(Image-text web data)
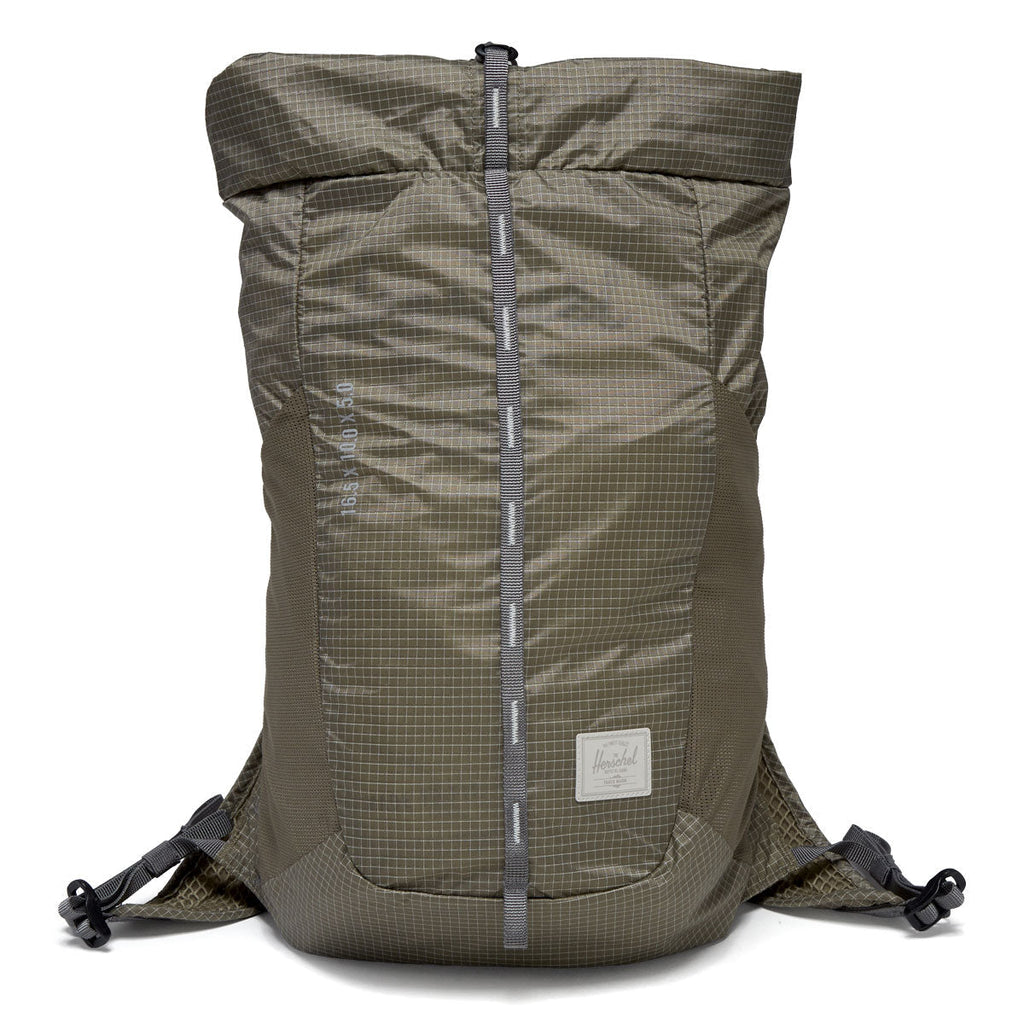 Herschel Supply Ultralight Cinch 14L Daypack - Brindle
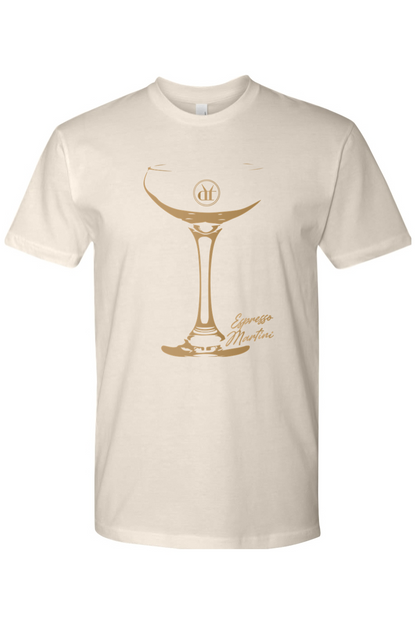 Drink That Espresso Martini Unisex T-Shirt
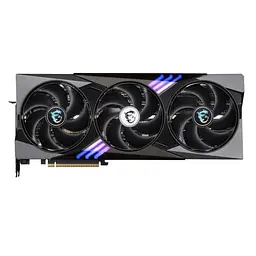 Відеокарта MSI RTX 5090 32G GAMING TRIO OC (RTX 5090 32G GAMING TRIO OC) (GDDR7, 512 bit, PCI-E v5.0 x16)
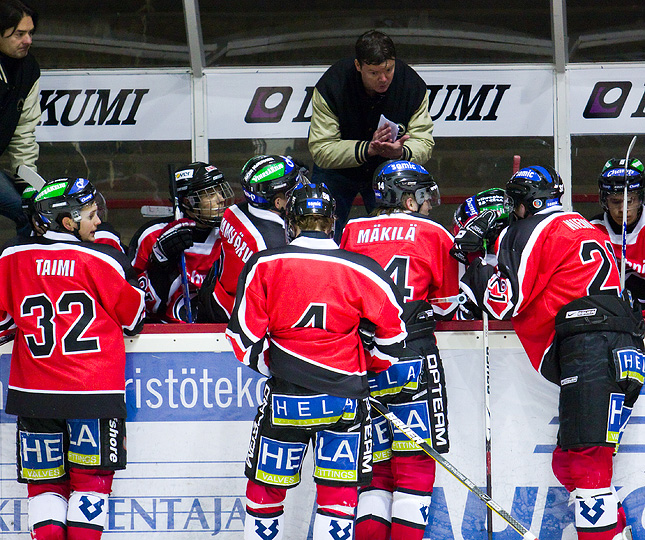 17.1.2009 - (Ässät A-TPS A)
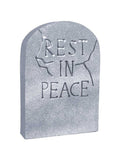Super Thick Halloween Tombstone Prop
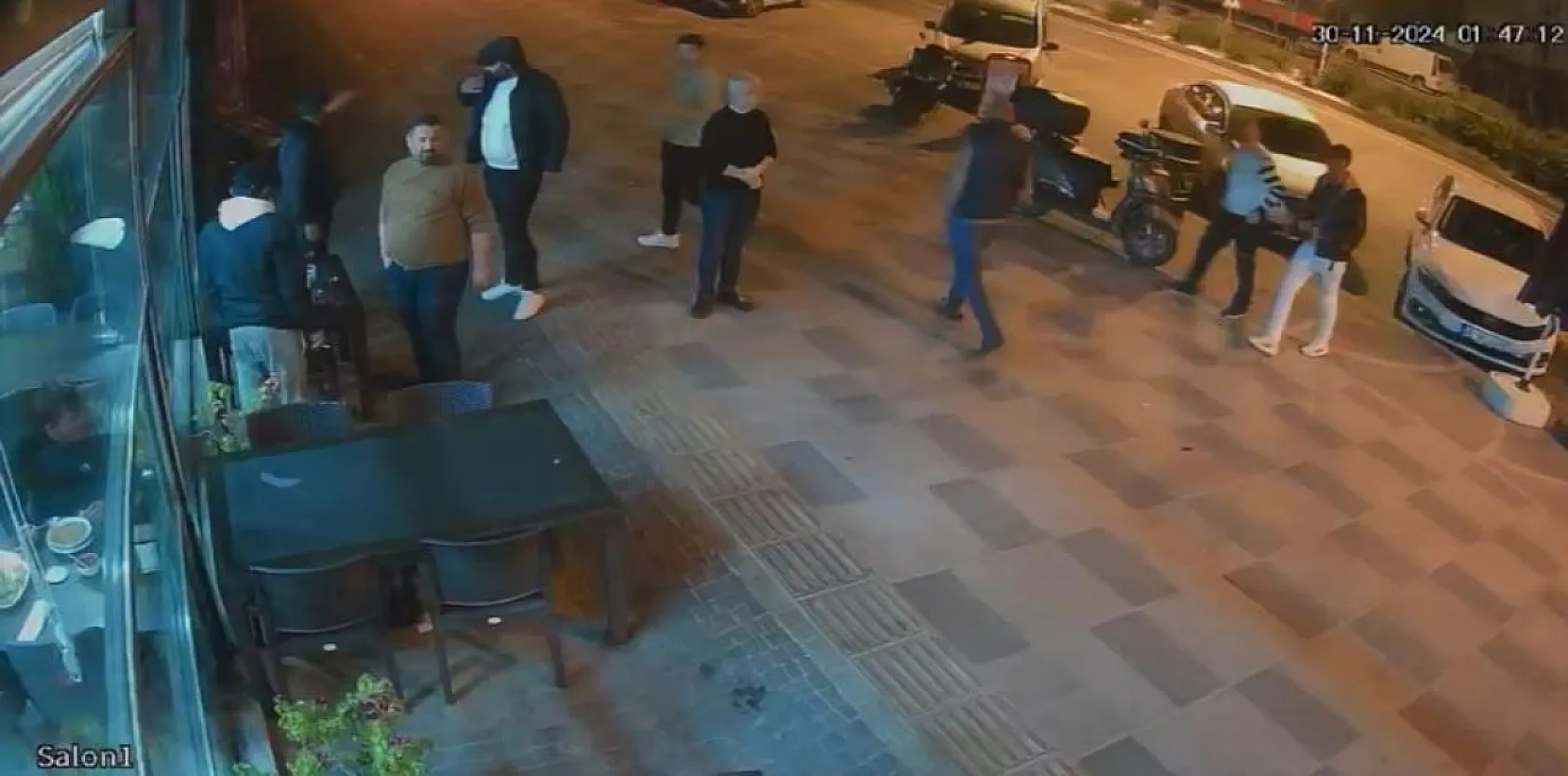 Yatağan'da darp edilerek öldürülen yaşlı adamın son görüntüsü ortaya çıktı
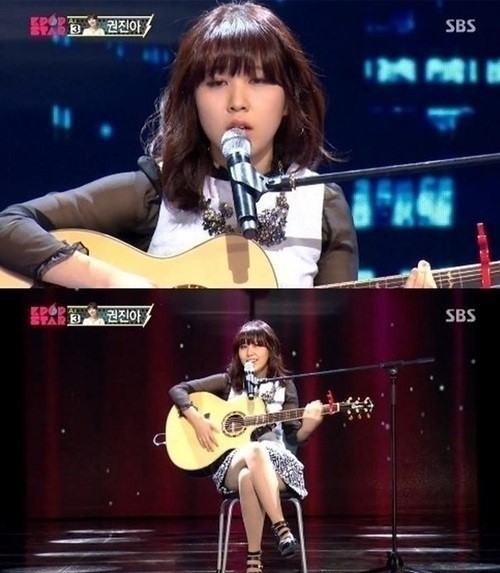권진아(화제인물)
‘K팝스타3’ 권진아가 ‘씨스루’로 완벽한 무대를 선보이며 우승후보로 떠올랐다.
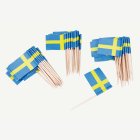 Ruotsin Lippu Cocktailtikut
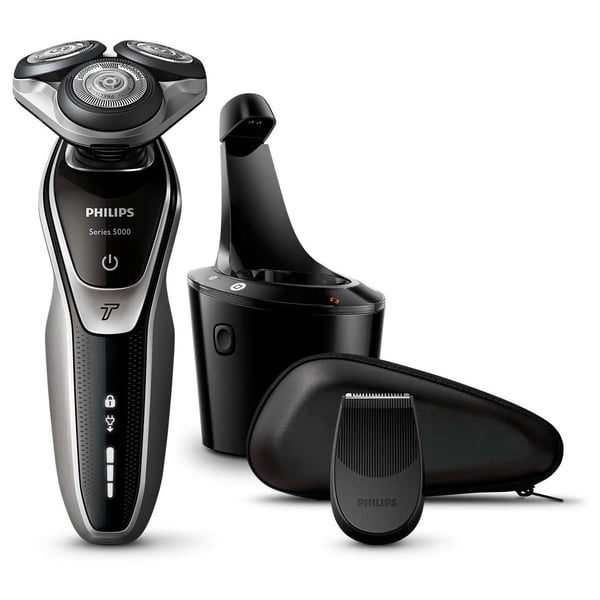 Philips Shaver Series 5000 Wet & Dry Electric Shaver S5370/25 Philips Shaver Series 5000 Wet & Dry Electric Shaver S5370/25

| Task objective |
Repeat every record exactly, but not the pictures.

| Response area |
 Herschel Supply Ultralight Cinch 14L Daypack - Brindle
 Drink That Espresso Martini Unisex T-Shirt
 Відеокарта MSI RTX 5090 32G GAMING TRIO OC (RTX 5090 32G GAMING TRIO OC) (GDDR7, 512 bit, PCI-E v5.0 x16)
 17.1.2009 - (Ässät A-TPS A)
Super Thick Halloween Tombstone Prop
 Yatağan'da darp edilerek öldürülen yaşlı adamın son görüntüsü ortaya çıktı
권진아(화제인물)
‘K팝스타3’ 권진아가 ‘씨스루’로 완벽한 무대를 선보이며 우승후보로 떠올랐다.
 Ruotsin Lippu Cocktailtikut
 Philips Shaver Series 5000 Wet & Dry Electric Shaver S5370/25 Philips Shaver Series 5000 Wet & Dry Electric Shaver S5370/25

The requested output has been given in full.